▸ WHAT YOU SHOULD DO
From the line with "Anthropologie Black Floral" to the line with "Patek Philippe Nautilus", retype each line exactly as it stands in the records below, but skip the pictures.

▸ EXERCISE MATERIAL
◆ ◆ ◆ ◆ ◆ ◆ ◆

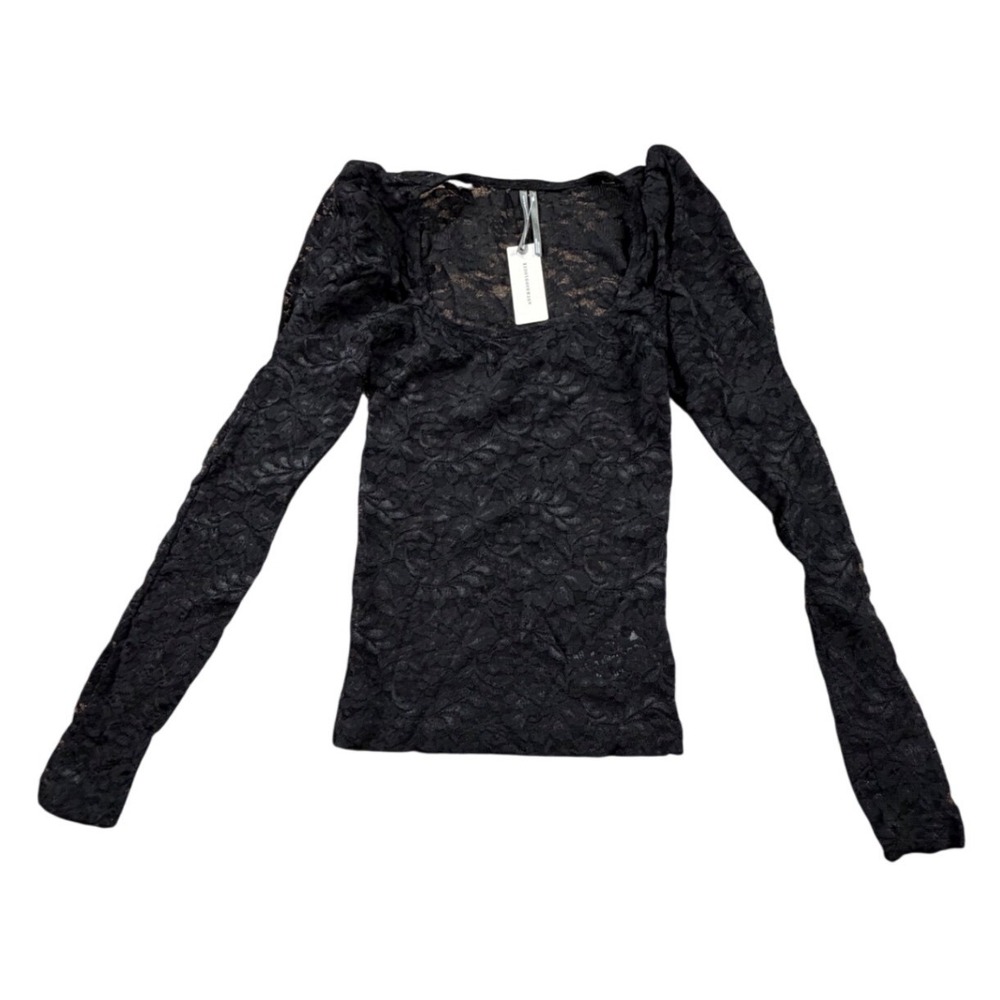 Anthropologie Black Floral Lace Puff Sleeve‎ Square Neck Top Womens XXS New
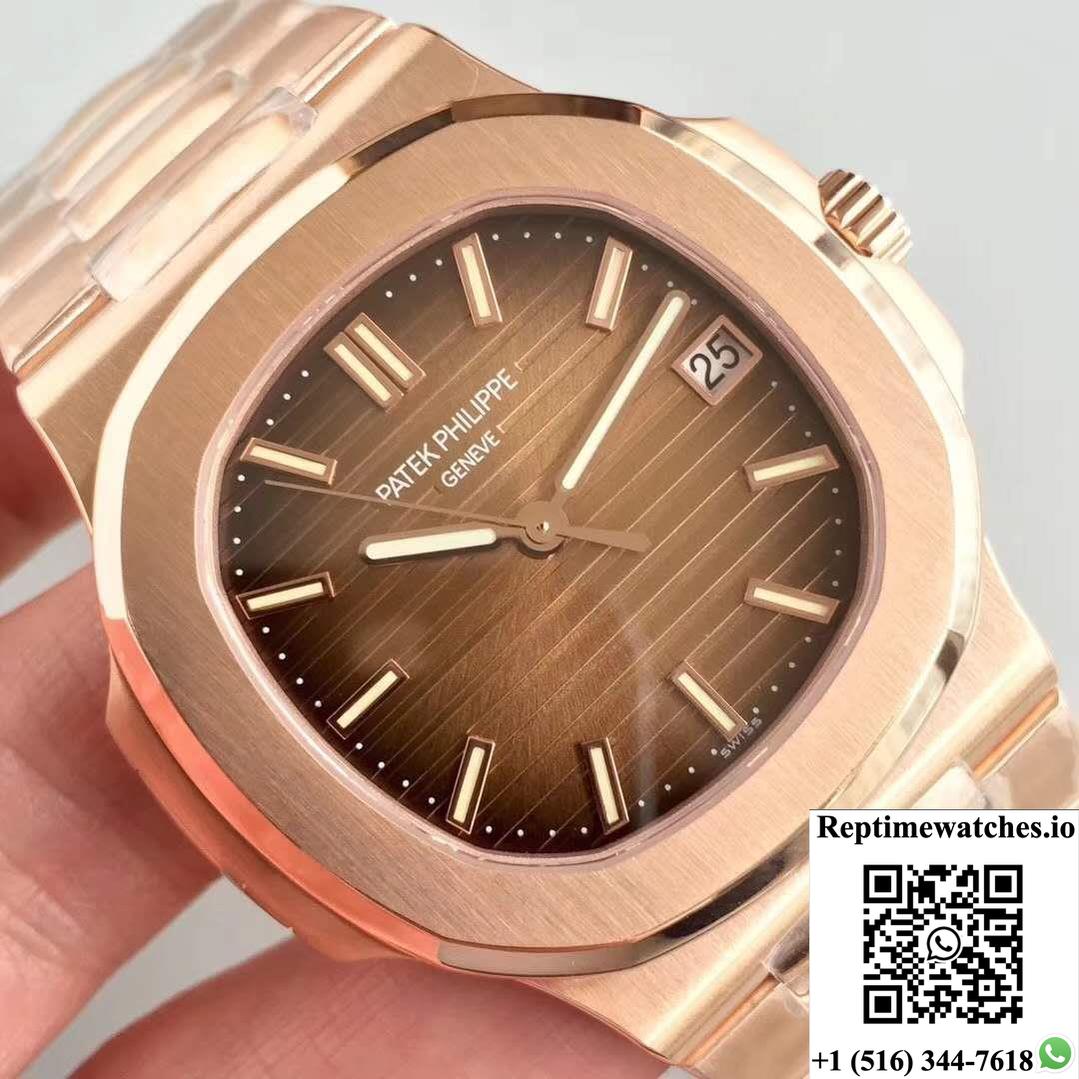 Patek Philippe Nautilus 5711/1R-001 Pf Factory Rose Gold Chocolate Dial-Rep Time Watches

◆ ◆ ◆ ◆ ◆ ◆ ◆

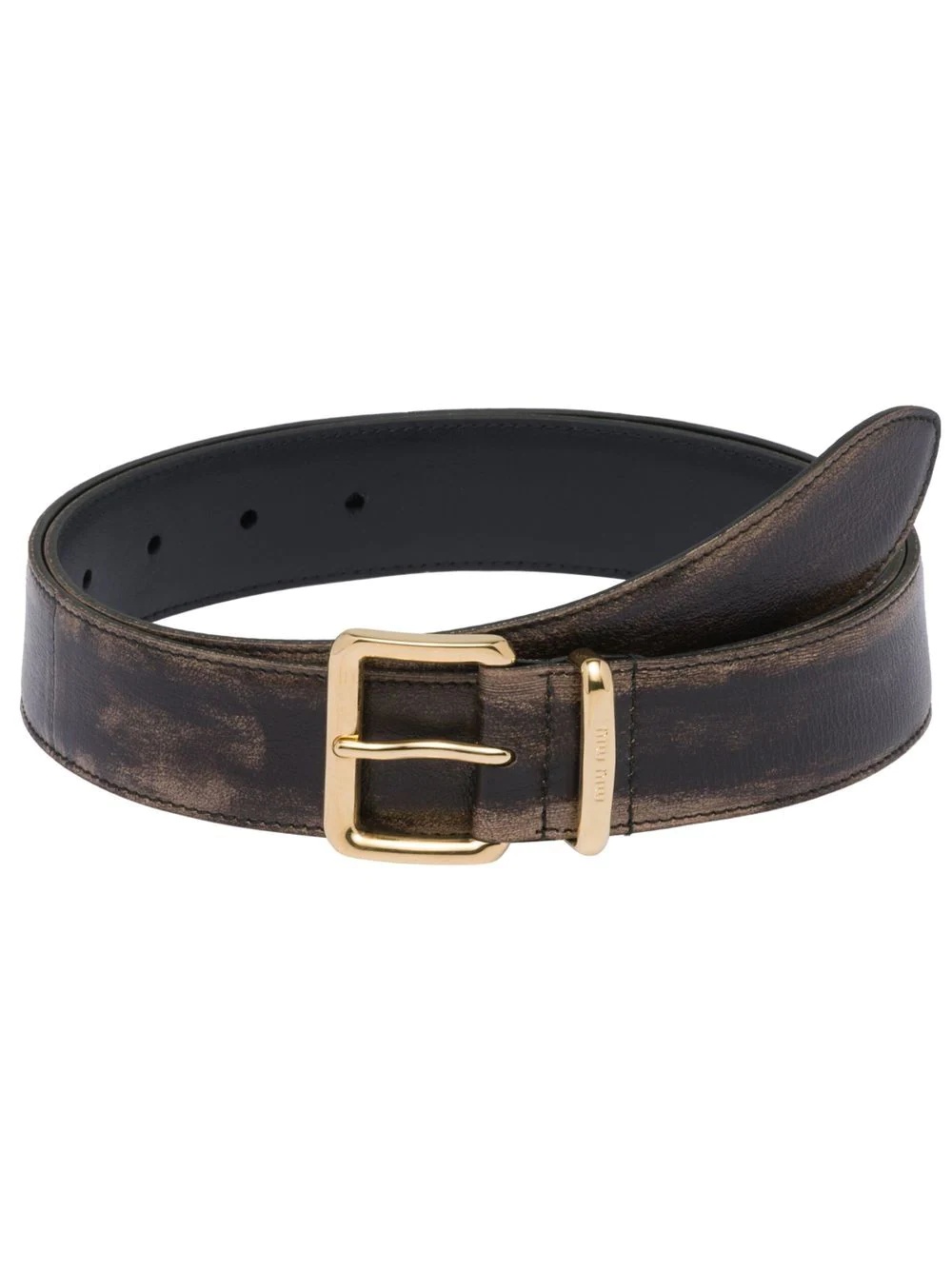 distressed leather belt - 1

◆ ◆ ◆ ◆ ◆ ◆ ◆

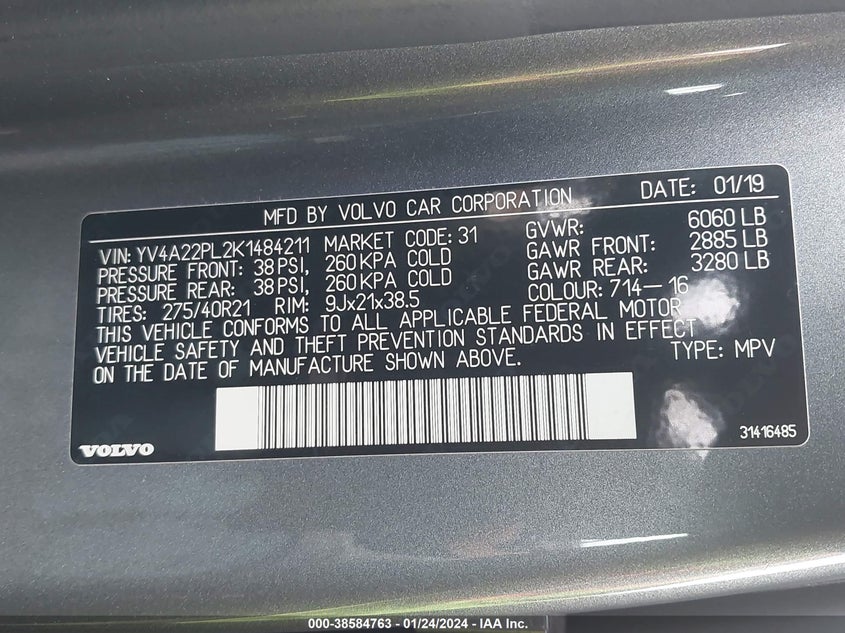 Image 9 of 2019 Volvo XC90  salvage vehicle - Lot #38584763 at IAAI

◆ ◆ ◆ ◆ ◆ ◆ ◆

▸ OUTPUT FOR THIS TASK
 Anthropologie Black Floral Lace Puff Sleeve‎ Square Neck Top Womens XXS New
 Patek Philippe Nautilus 5711/1R-001 Pf Factory Rose Gold Chocolate Dial-Rep Time Watches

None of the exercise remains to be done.